In an old problem, you are given 12 coins that are identical except that one of them is slightly heavier or lighter than the other coins. You are also given a balance that can be used to compare the weights of two coins or two sets of coins. Using the balance just three times, can you determine which coin’s weight is different, and whether it is heavier or lighter than the other coins?

According to Wikipedia’s “Balance Puzzle” article, this puzzle has been around since 1945. There are different ways to solve it, but some of the methods are cumbersome to describe, involving flow charts and choosing weighings that depend on the results of previous weighings. When I first encountered this puzzle, I worked out a solution in which three pre-planned weighings would always yield the answer. I reasoned that there are 24 possible answers to the puzzle: 12 coins x 2 ways the odd coin may be different (i.e., heavier or lighter). One weighing can have three possible outcomes: the left side of the balance is heavier (call this result L), neither side is heavier (=), or the right side is heavier (R). A series of three weighings can therefore have 3x3x3 = 27 possible outcomes, such as LLR, L=L, RR=, etc. Since this is more than the number of possible answers, it seemed to me that I might be able to assign each of the 12 coins to a unique set of locations for the three weighings—locations being the left side of the balance, the right side of the balance, or off the balance.

(Others have come up with this solution as well.
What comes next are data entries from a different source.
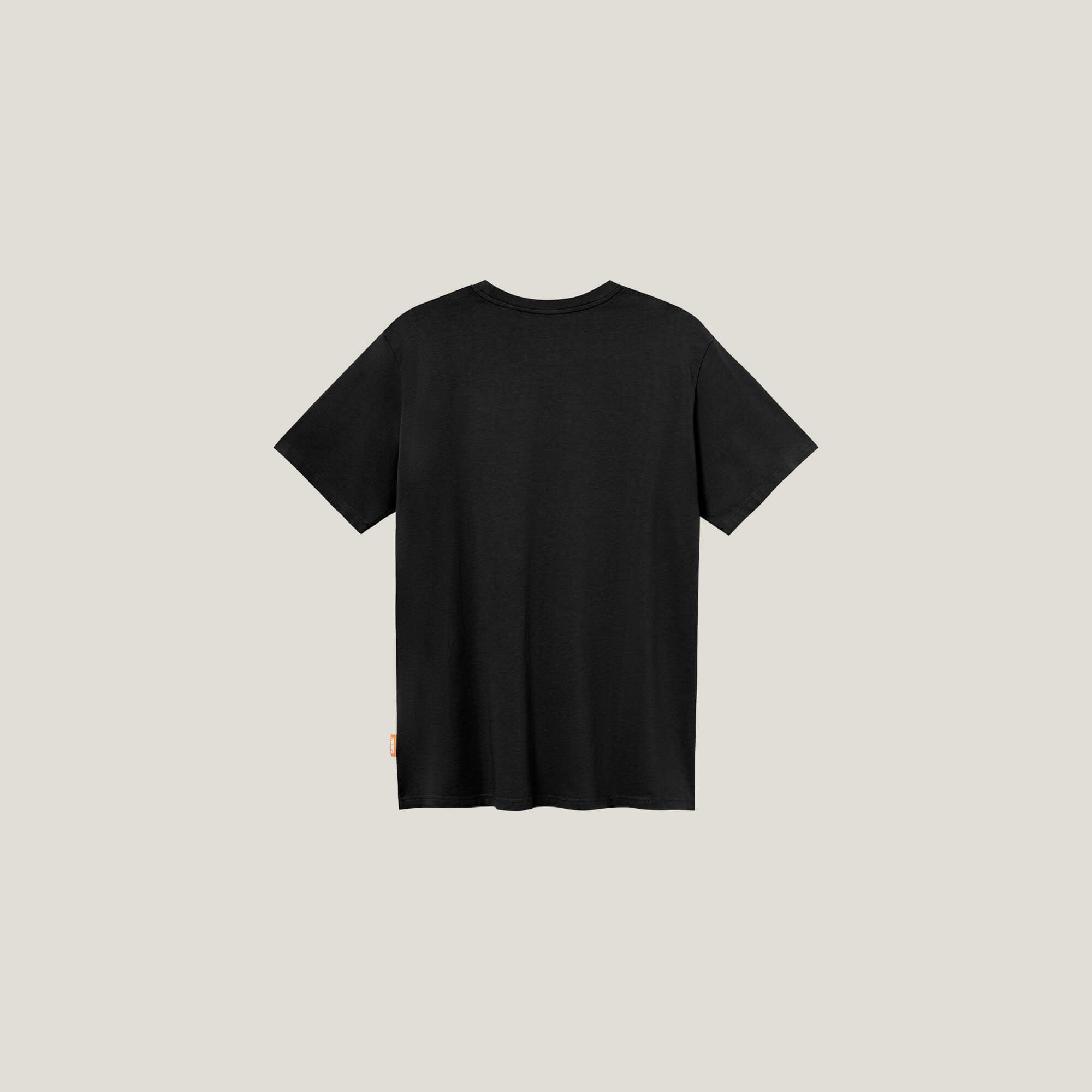 Relaxed Oversize Offcourt T-Shirt P - Schwarz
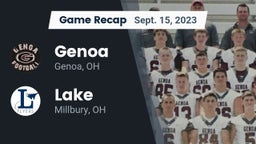 Recap: Genoa  vs. Lake  2023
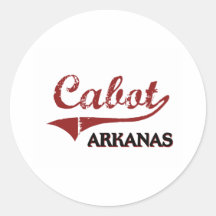 Classique de ville de Cabot Arkansas Autocollants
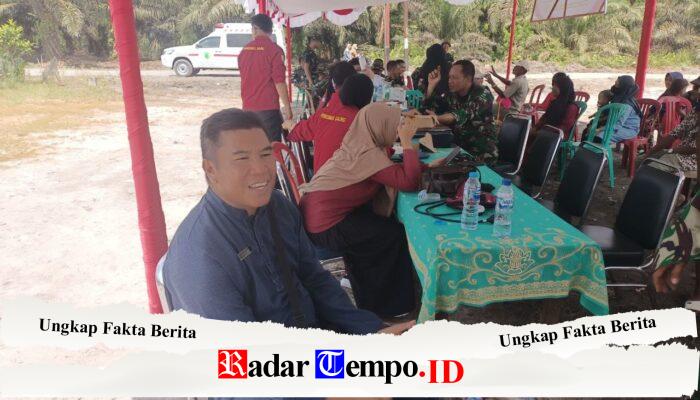 Kapus Galing Dukung Penuh Pelaksanaan TMMD Reguler ke-129 Kodim 1208/Sambas di Desa Tempapan Hulu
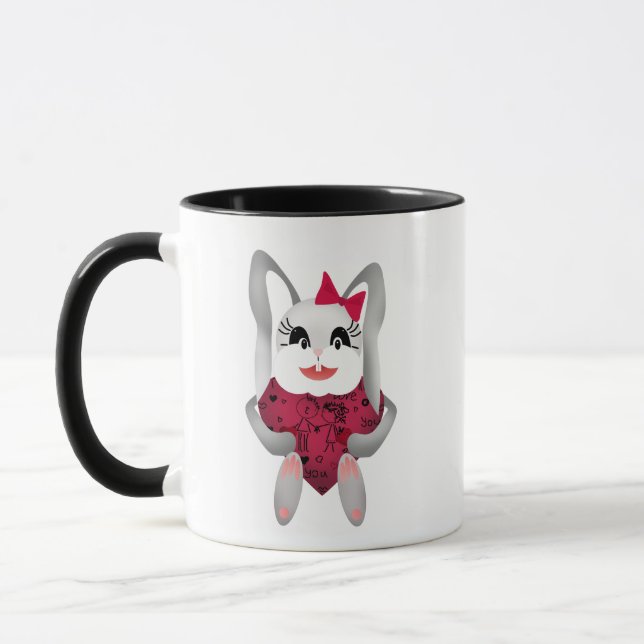 Liebe dich tasse (Links)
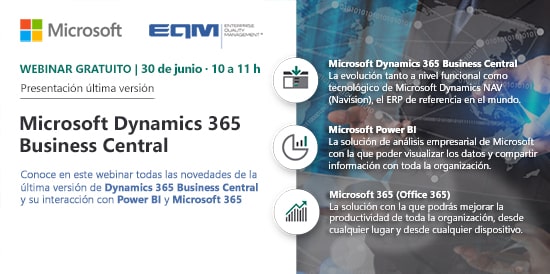 Webinar Dynamics 365 Business Central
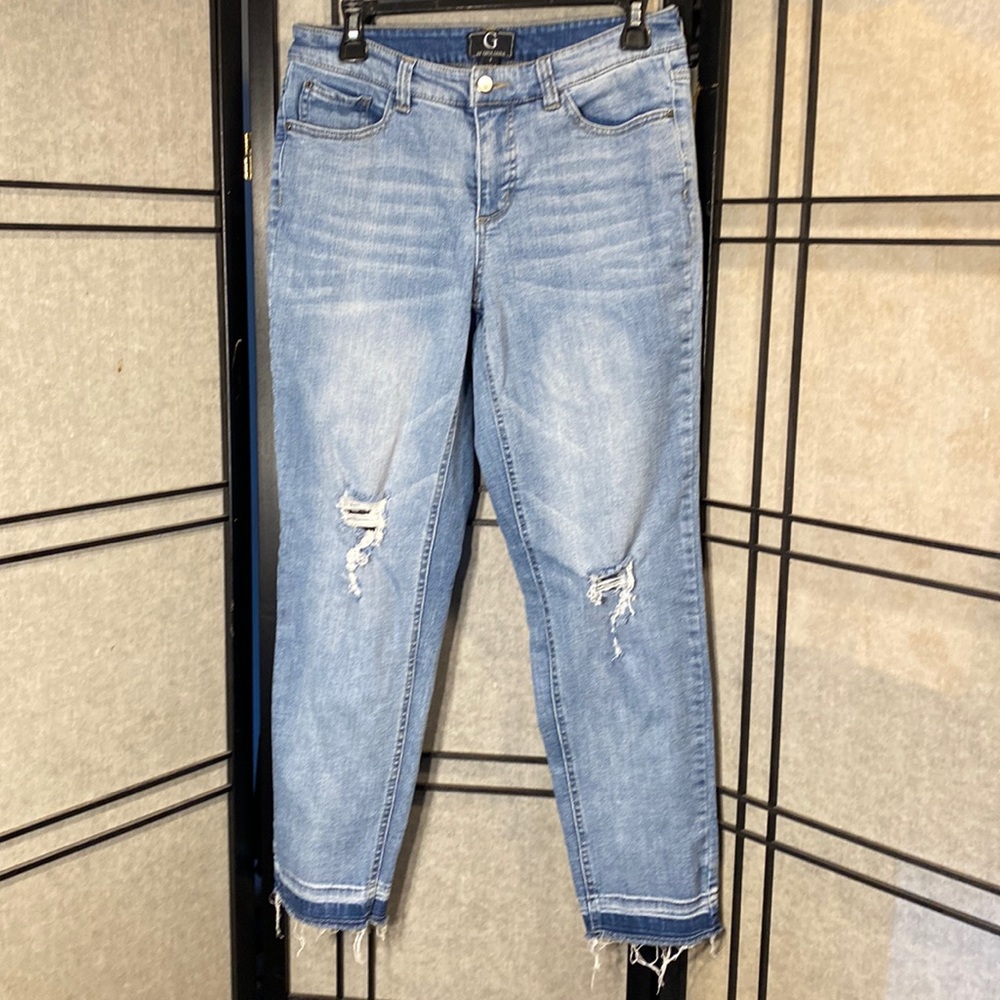 G by Giuliana size 8 Womens jeans raw hem stretch for comfort
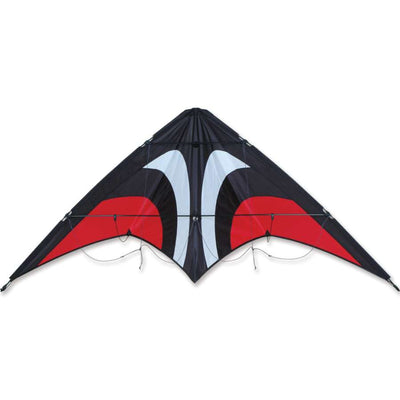 Osprey Sport Kite - Red Raptor measuring 60 x 26.5 in, soaring against a blue sky, showcasing vibrant colors and design.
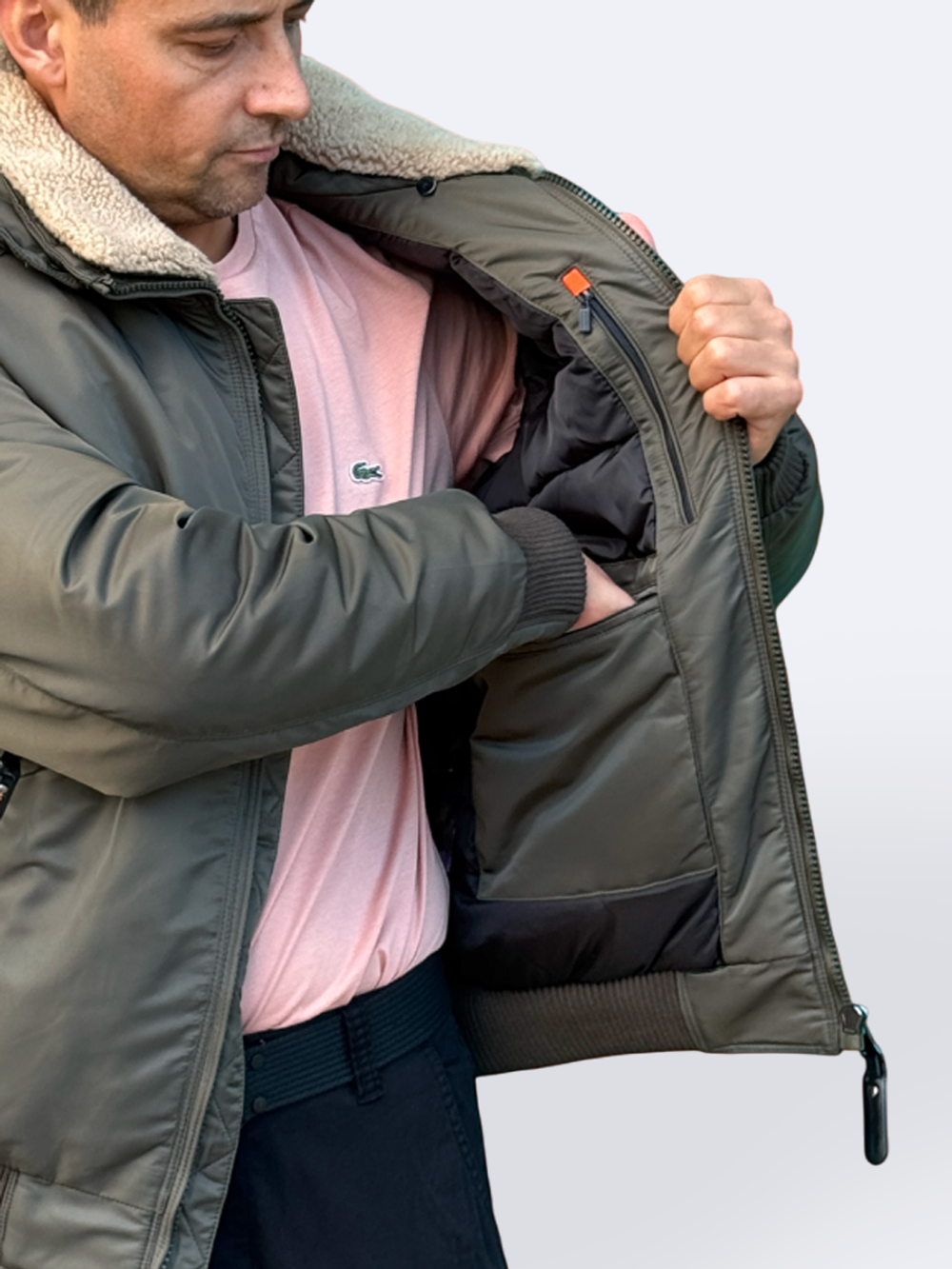 Куртка бомбер Corbona Зима олива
I don’t claim to have been the first, but I had not seen this solution when I first saw the puzzle.)

I made a list of all 27 outcomes and crossed off === (all three weighings balancing), since that might help identify the coin that is different but would not indicate whether the coin was heavier or lighter. My next insight was that the remaining 26 outcomes could be paired into 13 sets of opposite outcomes such as LLL and RRR, or RL= and LR=. Either one of a pair of opposite outcomes will identify the same coin as being different, but one will mean the coin is heavy and the other that the coin is light. For example, if we have one (and only one) coin that is on the left side of the balance in all three weighings, the result LLL means that it is the heavy coin while the result RRR means that it is the light coin.

Here is the full list of possible outcomes, paired up:

LLL RRR

LLR RRL

LRL RLR

LRR RLL

LL= RR=

LR= RL=

L=L R=R

L=R R=L

=LR =RL

=LL =RR

L== R==

=L= =R=

==L ==R

How many coins should take part in each weighing? If we draw two rectangles side by side to contain the coins that will be weighed in the first weighing, and two more rectangles under each of them to represent coins in the next two weighings, the answer soon becomes apparent. Number the coins 1 through 12. Choose a pair of opposite outcomes, such as LLR and RRL, for coin 1. For these outcomes to correspond to coin 1 being heavier or lighter, coin 1 must appear either (i) on the left balance in weighings one and two, and the right balance in weighing three, or (ii) on the right balance in weighings one and two, and the left balance in weighing three. Either way will work fine, and either way will mean writing the number 1 into three of the six rectangles. Similarly, if we assign the outcomes L== and R== to coin 10, we write 10 into the rectangle representing either the left side or the right side of the scale’s first weighing, and nowhere else. Looking at all 13 possible pairs of outcomes, and considering that we will only be using 12 of them, we can see that the either 24, 25, or 26 numbers will be entered into the rectangles, depending on which outcome pair we omit. Clearly 25 cannot be right, since at least one weighing would be between unequal numbers of coins, which would yield a worthless result. Could we have one weighing of five coins against five, and two other weighings of four against four, for a total of 26? No, because there are only nine coins that can have an outcome requiring them to be present in each particular weighing, and so it is not possible to have five coins on each side of the balance.

Therefore, we must fill each rectangle with four numbers to reach the total of 24, which means that the outcome pair we omit must be one of the first four (those with no equals signs among the outcomes). Suppose we eliminate the first outcome pair (LLL RRR) and assign the next 12 outcome pairs in order to coins 1 through 12.

Put coin 1 on the left, left, and right sides of the balance for the three weighings, in that order. (It could instead be put on the right, right, and left sides.) Put coin 2 on the left, right, and left sides. And so on. If one side of a balance is filled up, choose the member of the outcome pair that puts the coin on the other side of the balance.

Here’s is one way the coins might be assigned to the weighings to yield a unique answer no matter what the results of the three weighings:

1. LLR RRL

2: LRL RLR

3: LRR RLL

4: LL= RR=

5: LR= RL=

6: L=L R=R

7: L=R R=L

8: =LR =RL

9: =LL =RR

10: L== R==

11: =L= =R=

12: ==L ==R

First weighing

1,2,3,4 vs. 5,6,7,10

Second weighing

1,4,5,11 vs. 2,3,8,9

Third weighing

2,7,8,12 vs. 1,3,6,9

Each set of weighing results determines a unique answer. E.g., if the scale balances =LR (equal, left side heavier, right side heavier), in that order, then coin 8 is the odd one out, and is light.